DATASET CONTENT:
== == ==

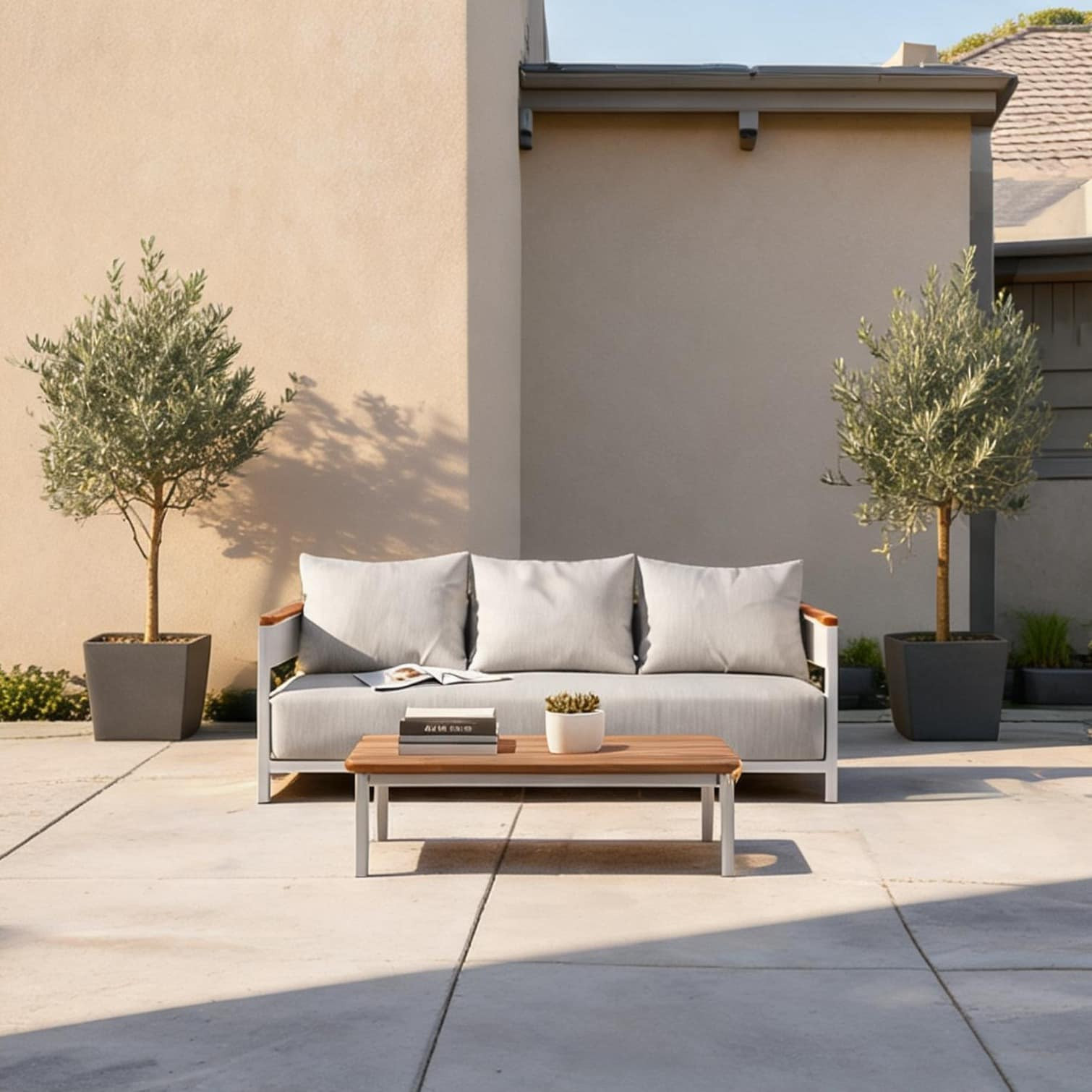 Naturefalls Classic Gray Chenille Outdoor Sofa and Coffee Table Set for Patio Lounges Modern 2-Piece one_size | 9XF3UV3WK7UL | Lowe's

== == ==

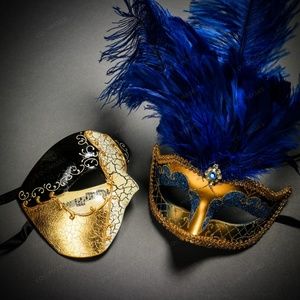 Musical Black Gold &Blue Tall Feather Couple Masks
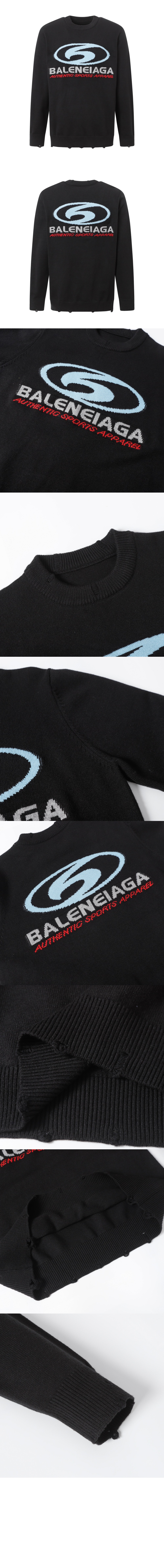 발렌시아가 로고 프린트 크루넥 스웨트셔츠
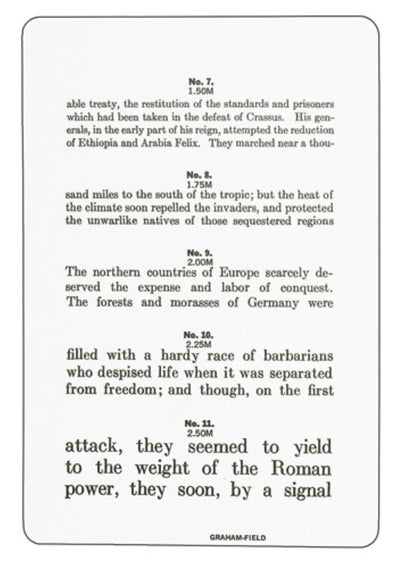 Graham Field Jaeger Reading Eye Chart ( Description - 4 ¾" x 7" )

== == ==

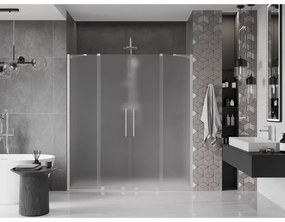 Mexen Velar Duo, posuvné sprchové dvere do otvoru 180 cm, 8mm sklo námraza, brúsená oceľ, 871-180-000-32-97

== == ==

Reproduce, word for word, only the lines in the records above from the line with "Musical Black Gold" through the line with "Graham Field Jaeger", including both ends; omit the pictures.

RESPONSE AREA:
 Musical Black Gold &Blue Tall Feather Couple Masks
 발렌시아가 로고 프린트 크루넥 스웨트셔츠
 Graham Field Jaeger Reading Eye Chart ( Description - 4 ¾" x 7" )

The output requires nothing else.